• _Activity_:
Although the entries hold pictures, only their words are printed back, exactly as given.

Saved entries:

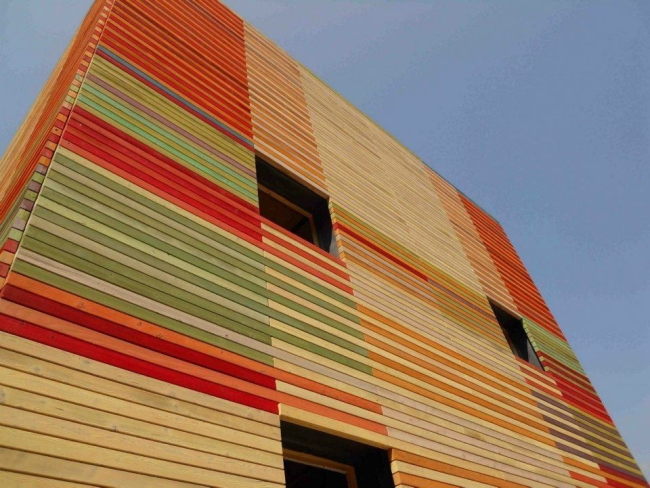 ��������� ��� Parco della Musica � �′������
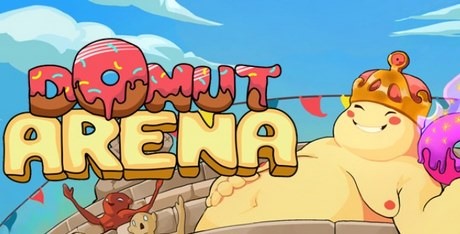 Donut Arena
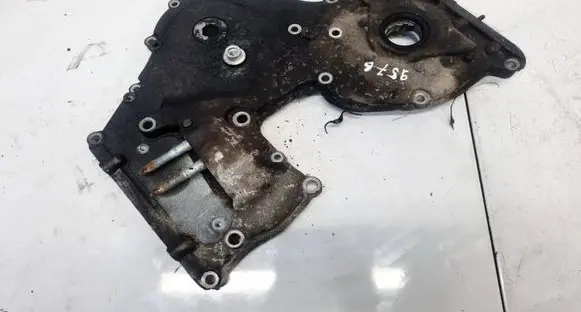 Hyundai i30 Oil pump 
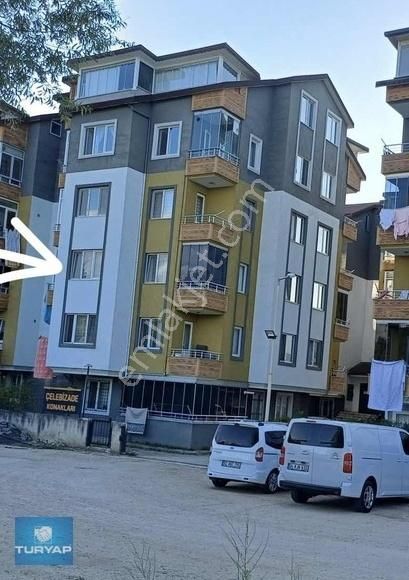 Ordu Karşıyaka Mah. 2+1 Satılık Fırsat Daire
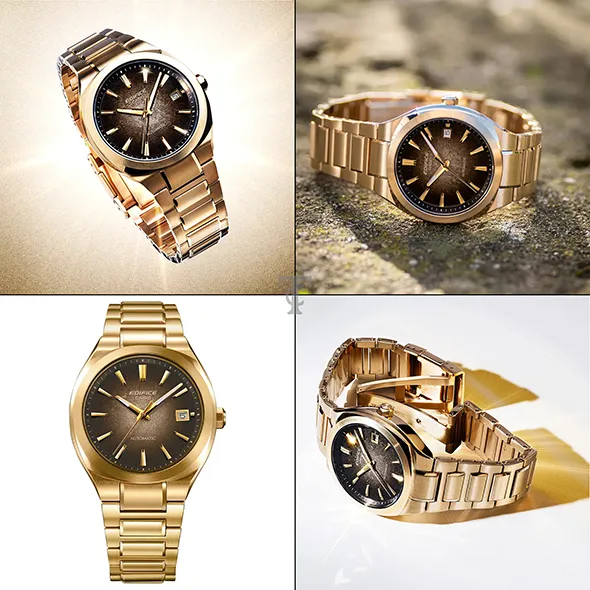 Casio EFK-200DG-5A portré kép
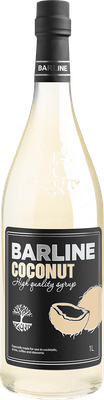 Сироп Barline Кокос (1л)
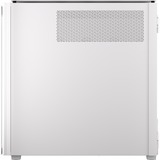 Corsair iCUE LINK 9000D Airflow big tower behuizing Wit | 4x USB-A | 2x USB-C | Tempered Glass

• _Result of this task_:
 ��������� ��� Parco della Musica � �′������
 Donut Arena
 Hyundai i30 Oil pump 
 Ordu Karşıyaka Mah. 2+1 Satılık Fırsat Daire
 Casio EFK-200DG-5A portré kép
 Сироп Barline Кокос (1л)
 Corsair iCUE LINK 9000D Airflow big tower behuizing Wit | 4x USB-A | 2x USB-C | Tempered Glass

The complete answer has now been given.